**Problem to solve:** Between the line containing "Emmanuel Guibert, Marc Boutavant: ARIOL 3" and the line containing "Ghost Whipped Soap 120g" lies a run of lines; give that run again exactly, with both of those lines, and nothing else from the entries below.

**Exercise inputs:**
========
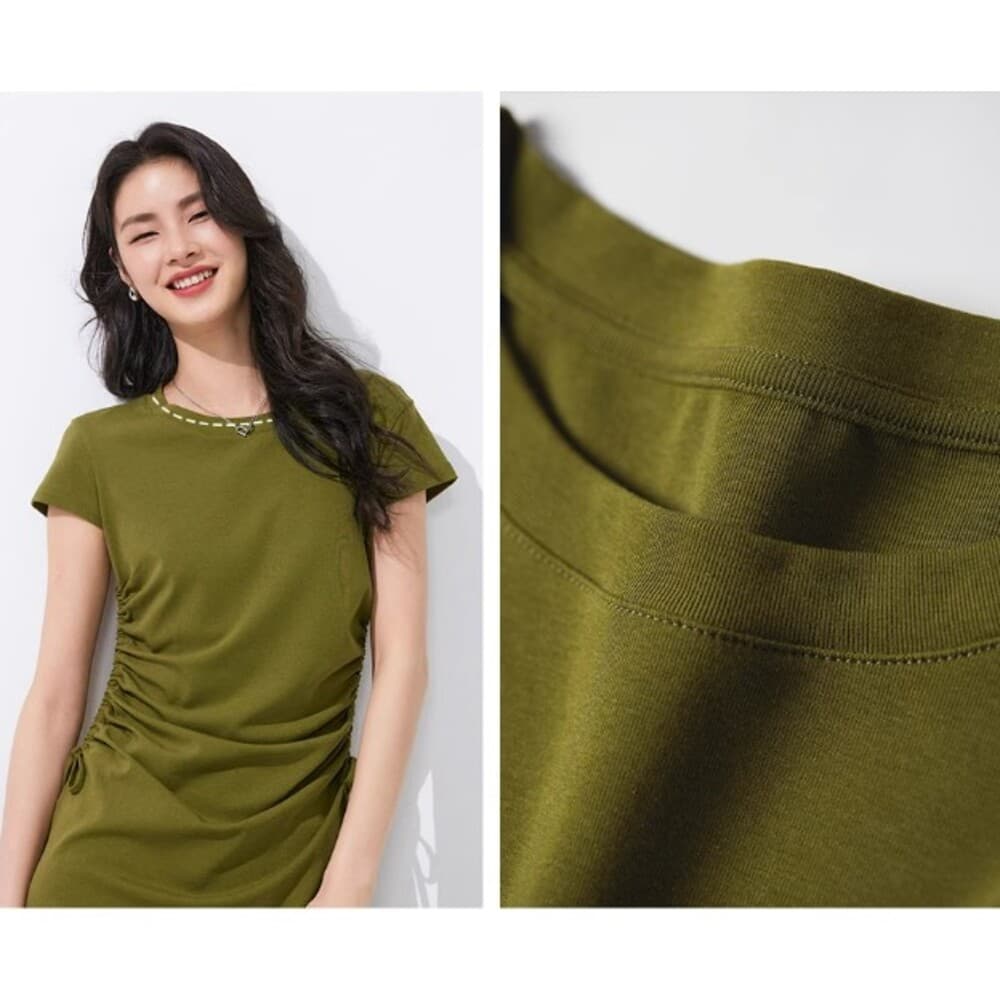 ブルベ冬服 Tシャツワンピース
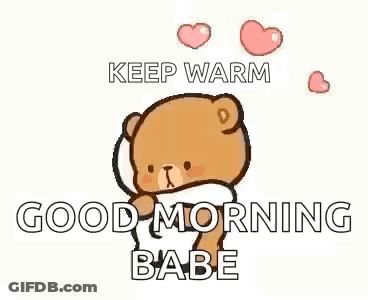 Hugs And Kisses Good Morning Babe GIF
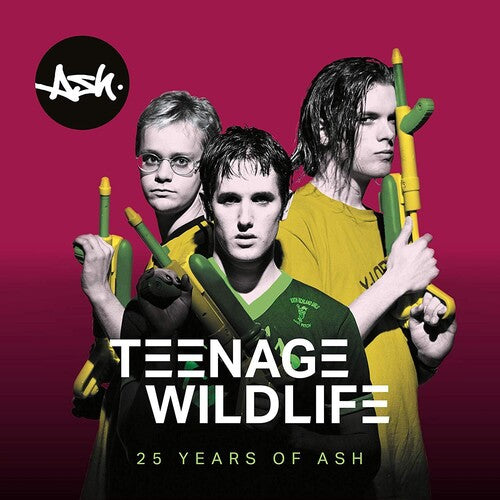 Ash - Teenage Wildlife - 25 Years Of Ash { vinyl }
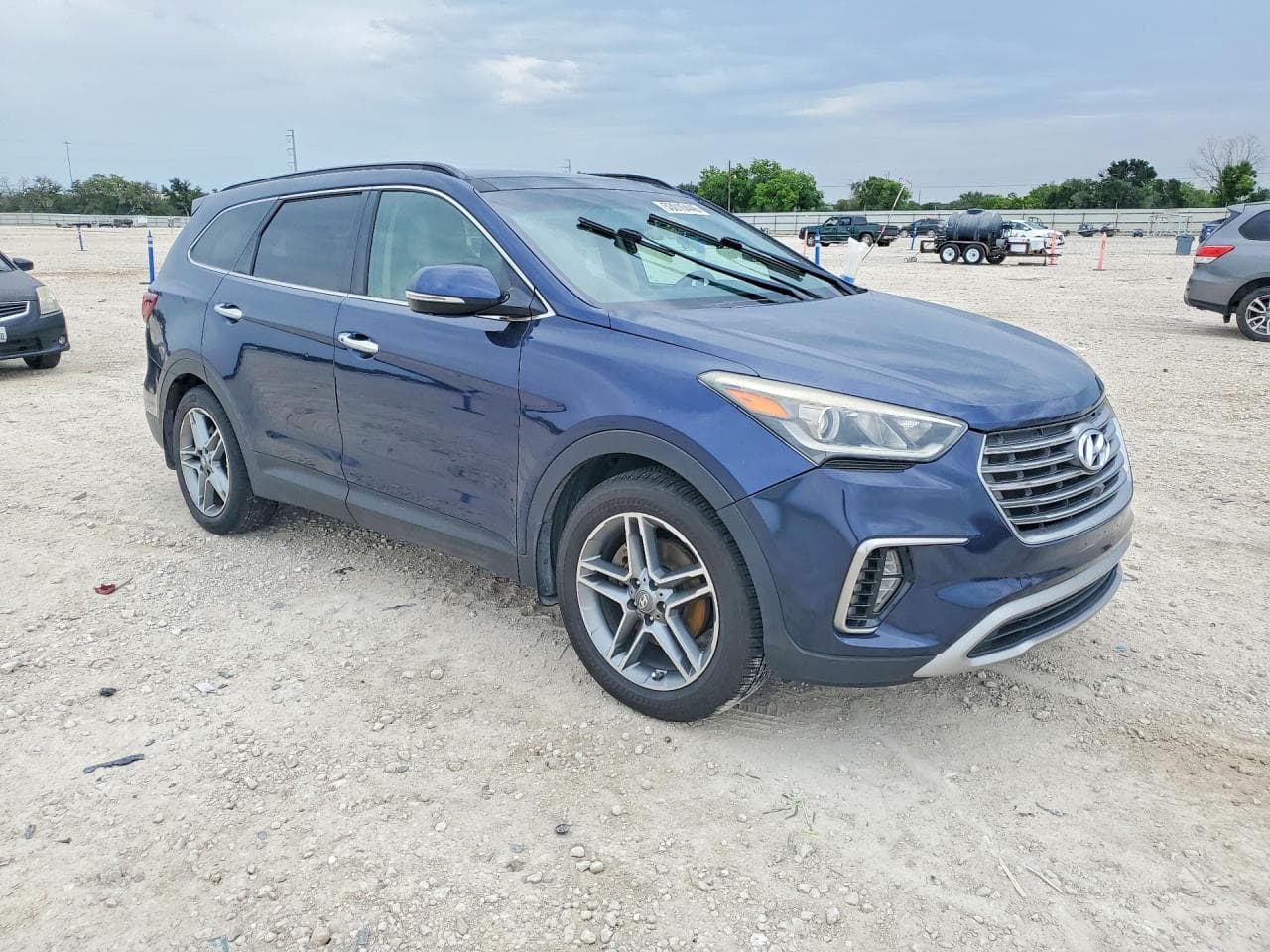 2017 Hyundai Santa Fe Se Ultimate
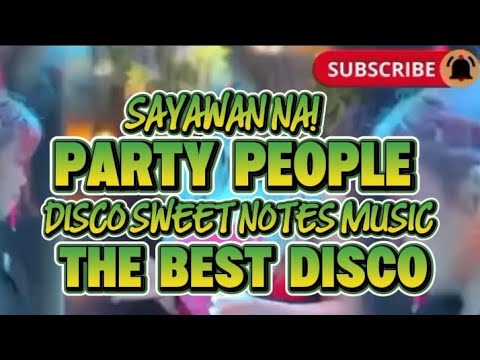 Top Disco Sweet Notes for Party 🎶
========
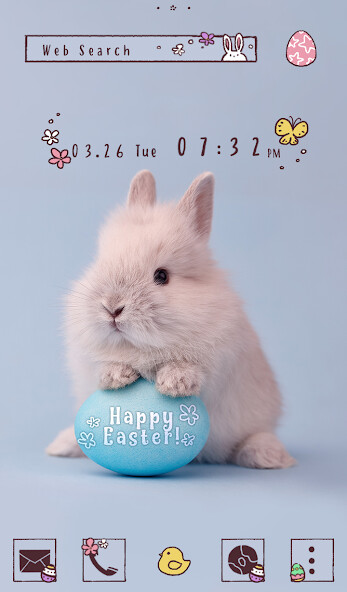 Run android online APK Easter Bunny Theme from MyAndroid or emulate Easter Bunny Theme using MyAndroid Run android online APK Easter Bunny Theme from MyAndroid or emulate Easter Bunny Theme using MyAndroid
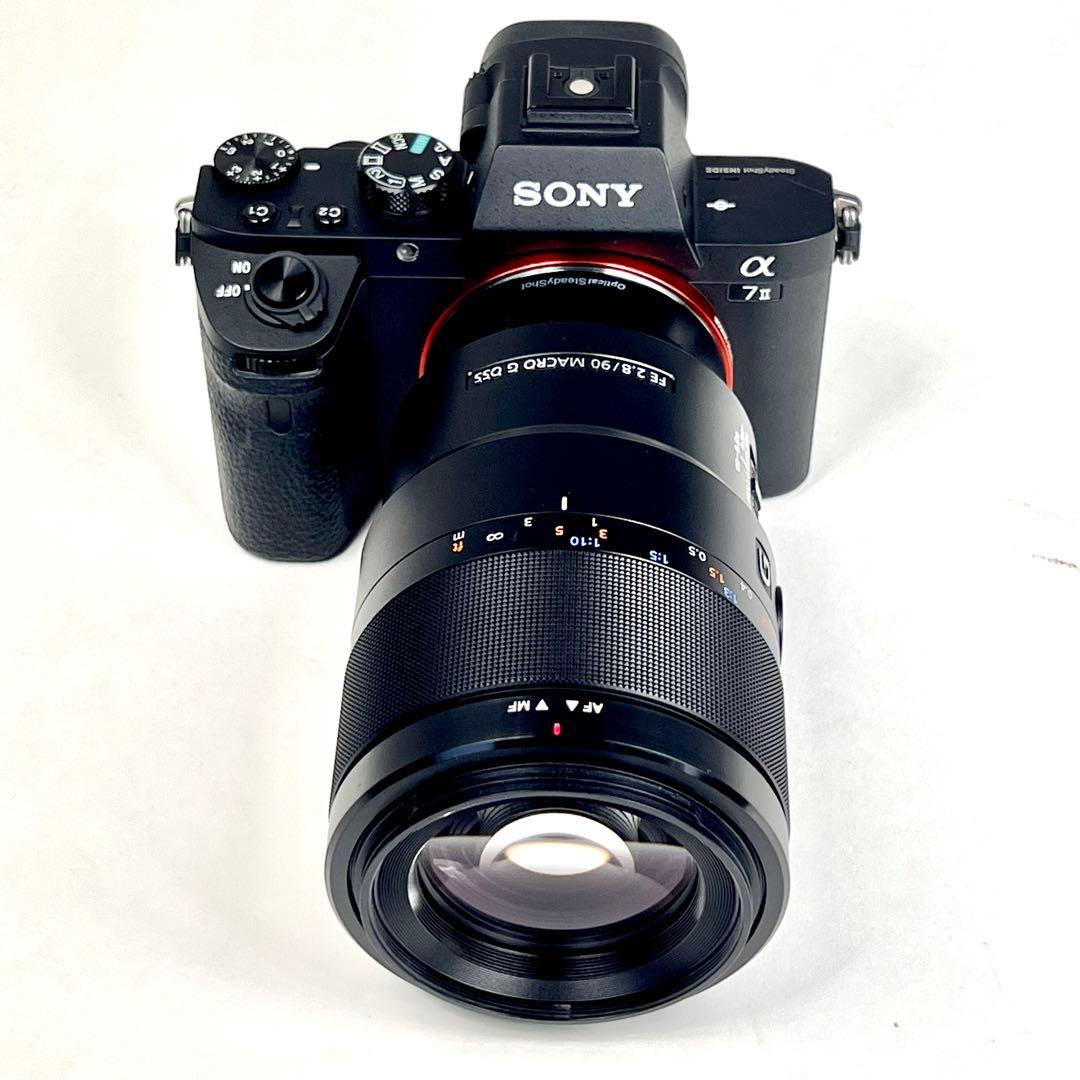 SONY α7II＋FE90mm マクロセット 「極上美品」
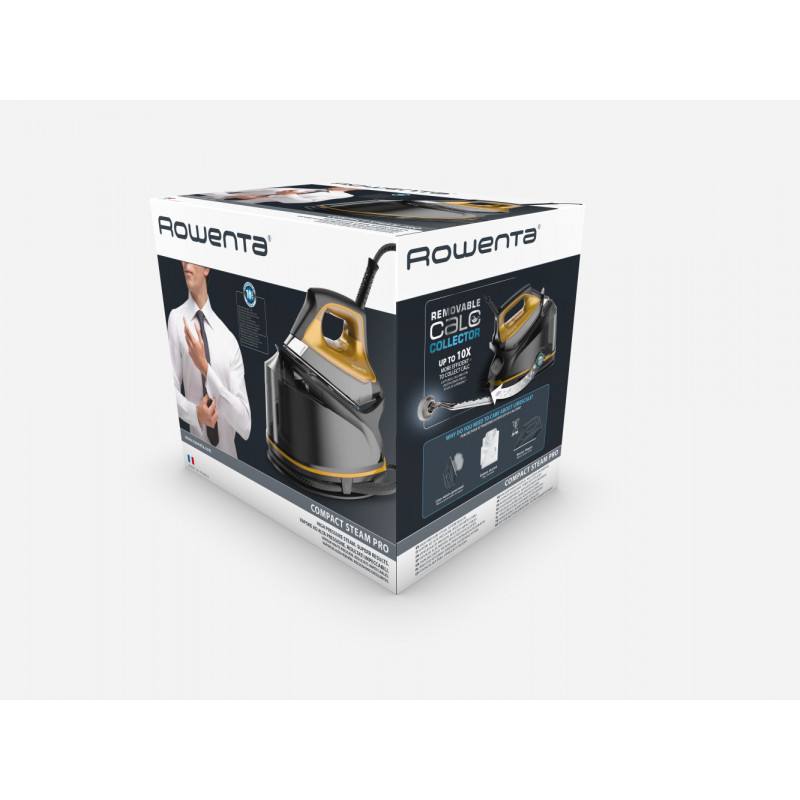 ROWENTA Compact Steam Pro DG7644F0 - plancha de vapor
========
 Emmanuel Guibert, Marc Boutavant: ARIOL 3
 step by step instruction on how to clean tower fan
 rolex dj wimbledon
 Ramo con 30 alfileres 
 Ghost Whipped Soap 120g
========
**Final answer:**
 Emmanuel Guibert, Marc Boutavant: ARIOL 3
 step by step instruction on how to clean tower fan
 rolex dj wimbledon
 Ramo con 30 alfileres 
 Ghost Whipped Soap 120g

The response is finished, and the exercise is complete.